A plant-breeding lab is not quite a glade abuzz with bees. Finding and propagating unique varieties can involve intense manipulation, mutations, and years of work forcing plants to cross-breed and waiting for the right gene combination to emerge. That is what these fellows successfully did. And did they name the hybrid after themselves? No! They named it after Canada, in a typically understated Canuck way: “Canola” stands for Canadian Oil Low Acid. (Today it’s an Oil MVP, so I bet they wish they had named it Canada oil. Then we would all have to pay homage to Canada much more often.)

Canola oil is such an important food crop at this point — second only to soybean oil in worldwide oilseed production — that efforts to perfect and improve it for certain applications have continued. And, of course, genetic engineering techniques have been used. Today the bulk of rapeseed grown in Canada is genetically engineered, and the U.S. and Australia grow modified versions of the crop as well. We should go over genetic engineering techniques at some point soon, because if you think canola as an acronym is an astounding revelation, this GE stuff will blow your mind.

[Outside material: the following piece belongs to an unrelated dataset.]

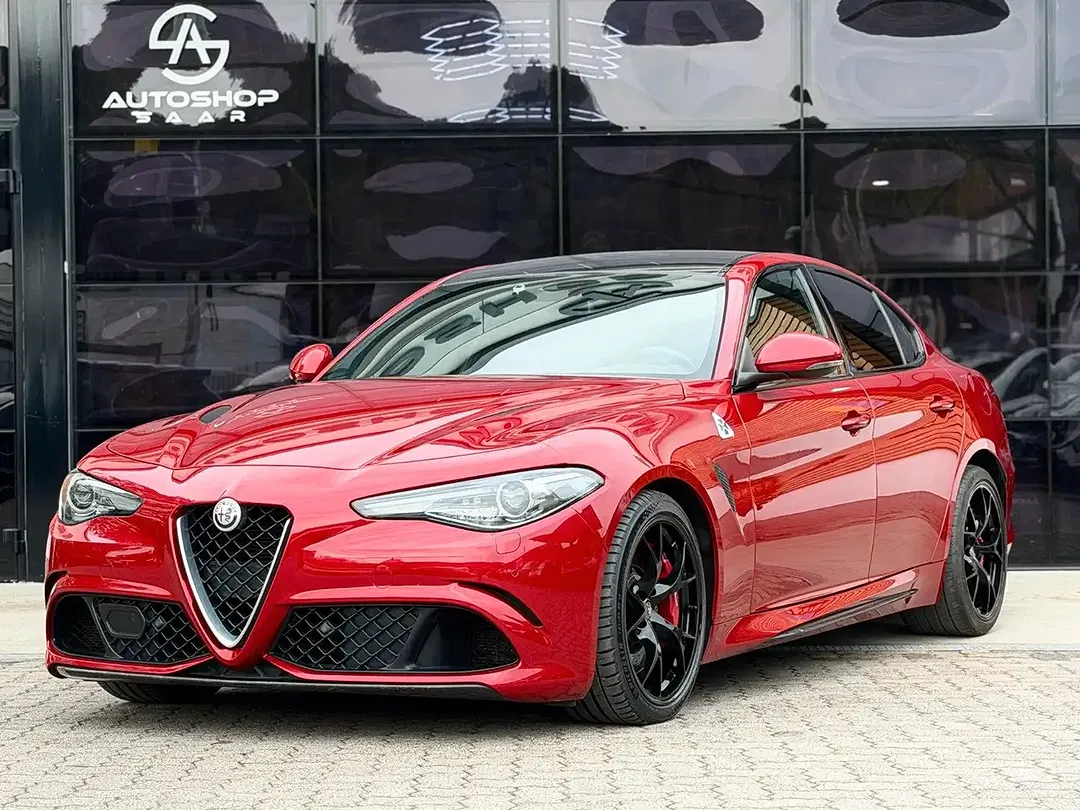 Alfa Romeo Giulia Quadrifoglio - foto 1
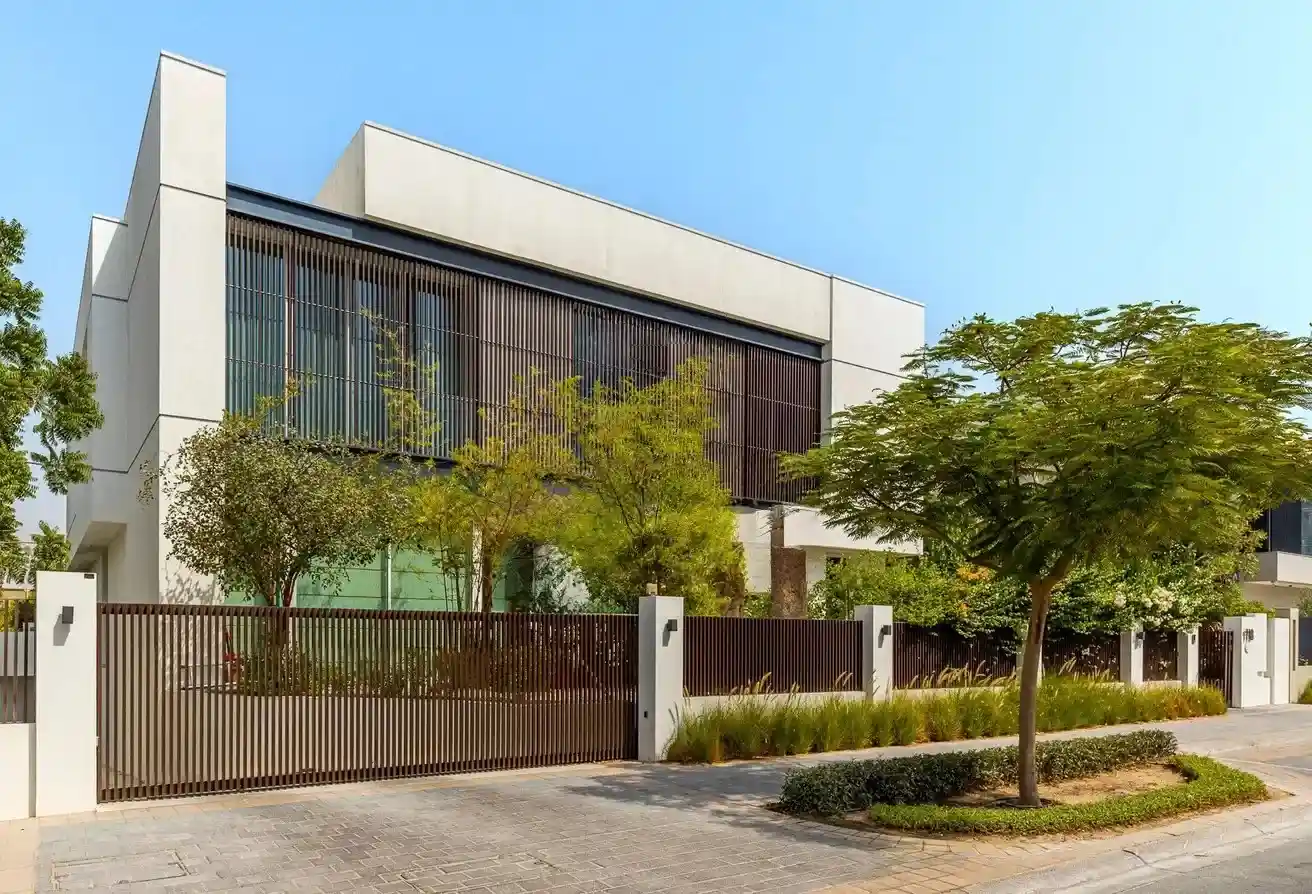 Luxury 6-bed villa in The Parkway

To sell their products as organic in the U.S., farmers, as you say, are not allowed to buy genetically engineered seeds. They must buy only organically certified seed, unless it’s unavailable (another reason for the expense of organic produce — seed is quite costly). The National Organic Program rules explicitly forbid genetically engineered material. Hooray for the activists who fought to exclude genetically engineered organisms from the USDA’s Organic Rule — if nothing else, it shows that the government can listen and respond to public feedback.